According to Jeremy Cohen, prior to 1170 Jews did not write polemics because Christians were not interested in Jews. Instead Jews held to traditional genres like biblical commentary. At the end of the twelfth century we see Jacob b. Reuben and R. Joseph Kimhi. They were interested merely in protecting Jews, not in going on the offensive.
This narrative is very comfortable to Jews. It makes Jews out to be the tolerant ones who are always the victims. Nineteenth century Jewish historians wrote in an atmosphere that denied Jews writes so they needed to avoid anything that had Jews initiating things. Jacob Katz and Israel Yuval have helped change this model. Katz described Jews as being very comfortable with Christian culture. Yuval wrote about Jews wanting revenge against Christians when the Messiah came. Some of this comes from a discomfort with Jewish power coming from Zionism. If the past two thousand years were not simply Jews being oppressed by gentiles then Jews lose their moral blank check when it comes to dealing with the Palestinians.
In the first nine centuries of Christian history, there are many adversus Judaeos tracts, but nothing in return. At most you get anti-Christian allusions in rabbinic literature. The rise of Islam marked a major shift.

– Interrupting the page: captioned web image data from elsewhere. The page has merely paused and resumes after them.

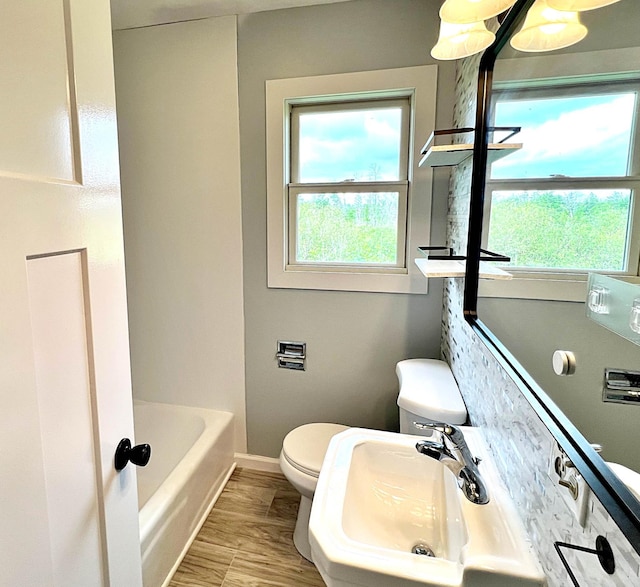 7165 US Highway 169, Garrison, MN 56450 - bathroom with a tub and wood finished floors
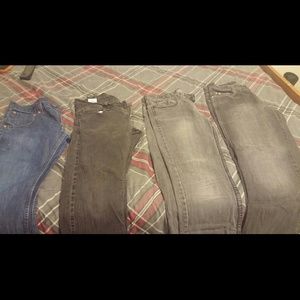 Four pairs of male jeans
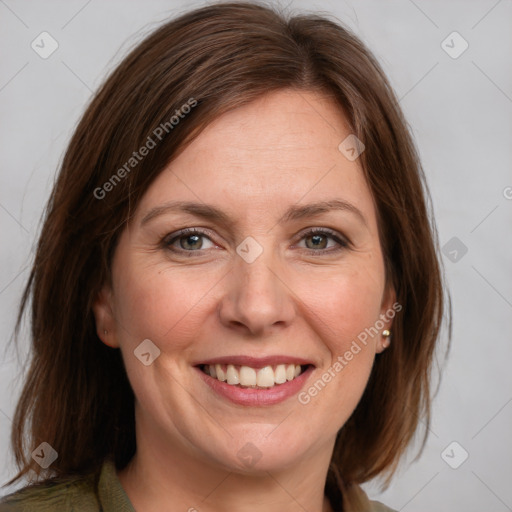 Joyful white adult female with medium  brown hair and grey eyes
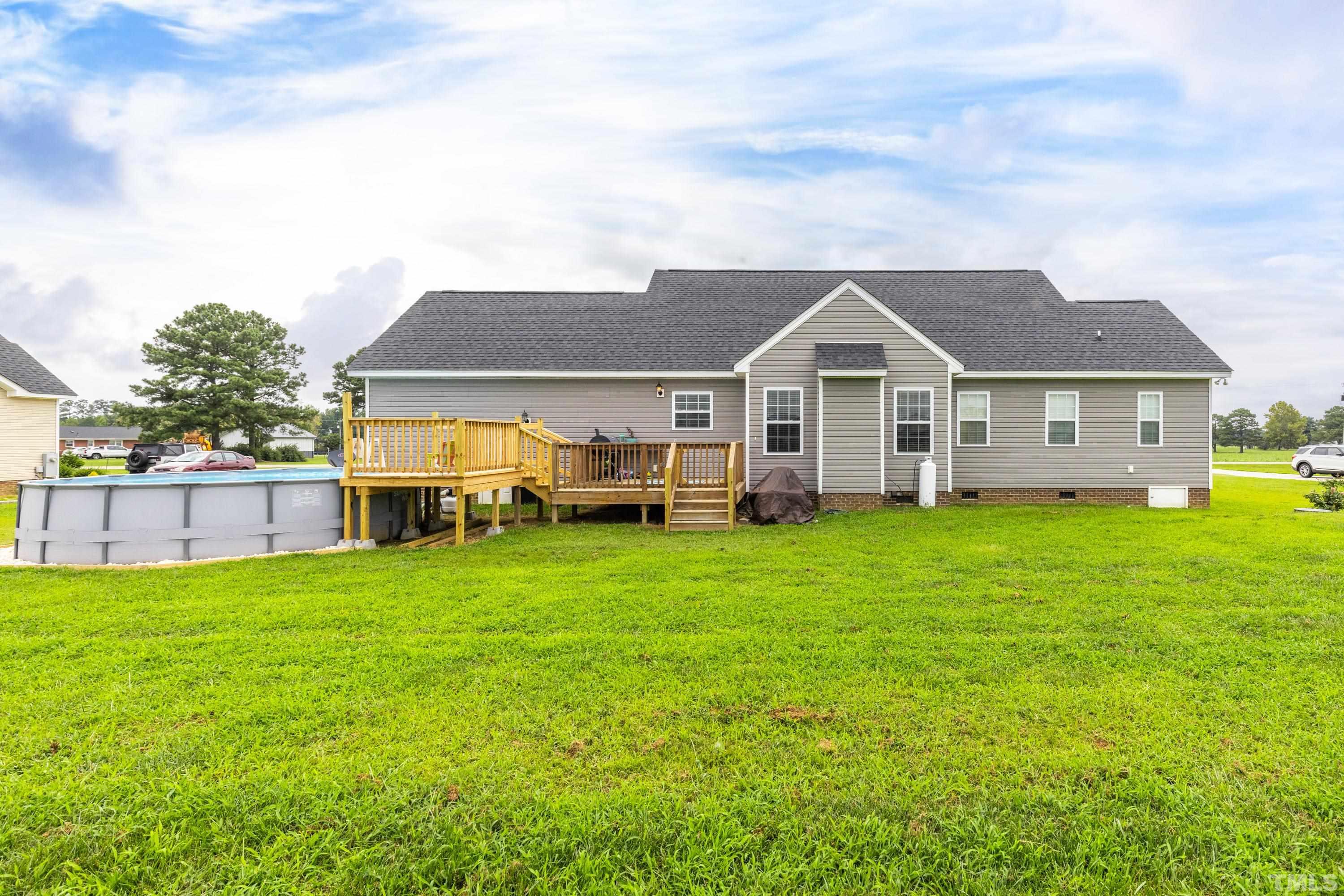 5333 Needham Road Bailey, NC 27807 - Photo 8 of 20 a front view of a house with a garden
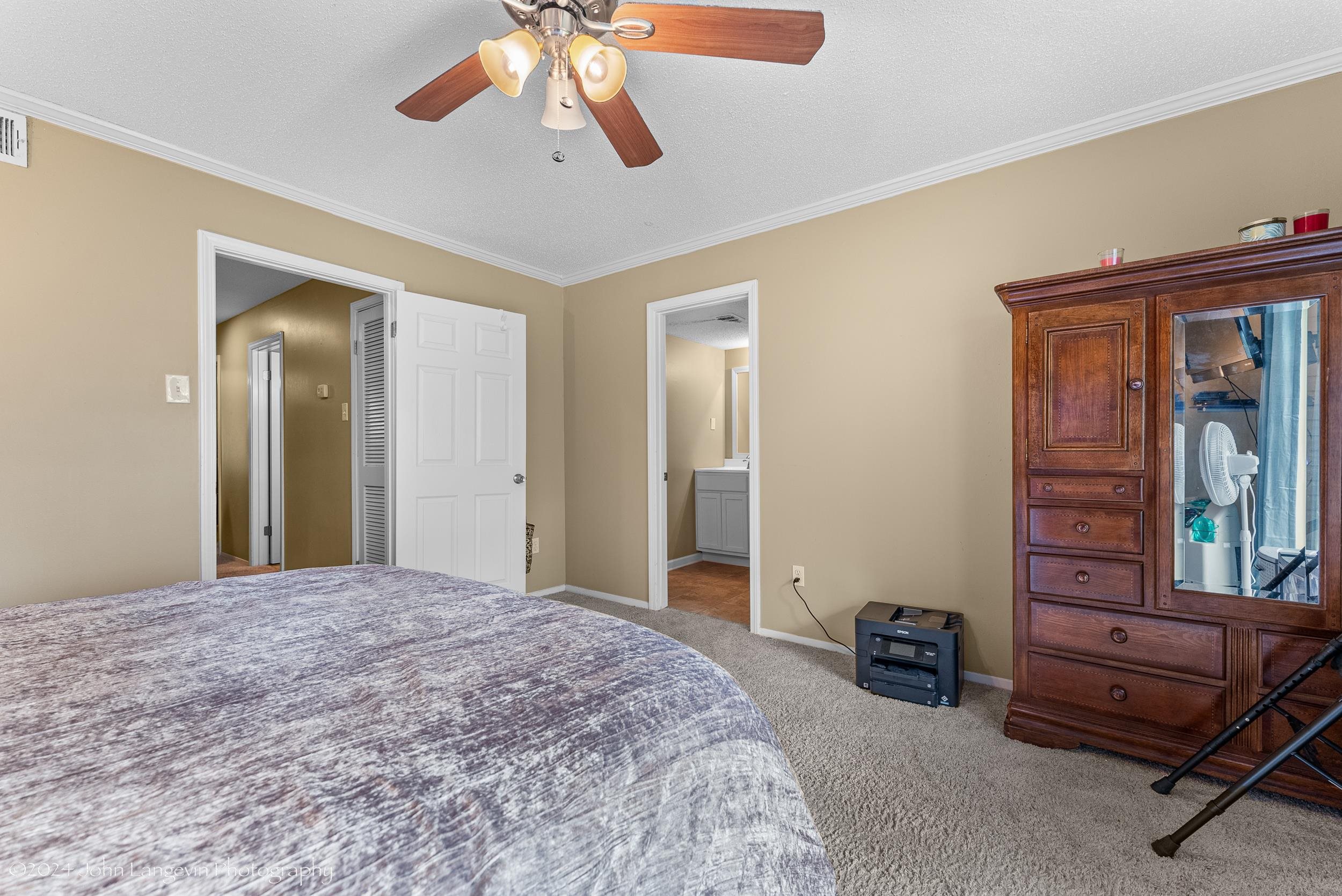 3118 Knob Hill Road Lakeland, TN 38002 - Photo 14 of 27 Carpeted bedroom with crown molding, ceiling fan, and ensuite bath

Why would Jews in Muslim countries write polemics against Christianity when there was no Christian missionary campaign? There was another upswing in early modern Italy even without an actual missionary campaign. David Berger argues that Christians were actually responding to Jewish challenges. Very few Dominicans, even in the thirteenth century, were actually involved with preaching to Jews. Some of the nastiest Jewish anti-Christian polemics were not in response to Christianity. Jacob b. Reuben told his Christian friend that he would accept Judaism if he had a brain. (Jacob b. Reuben's Wars of the Lord is a response to a Christian friend who tried to convert him.) Later writers like Crescas are actually more sober. We even see earlier works being toned down.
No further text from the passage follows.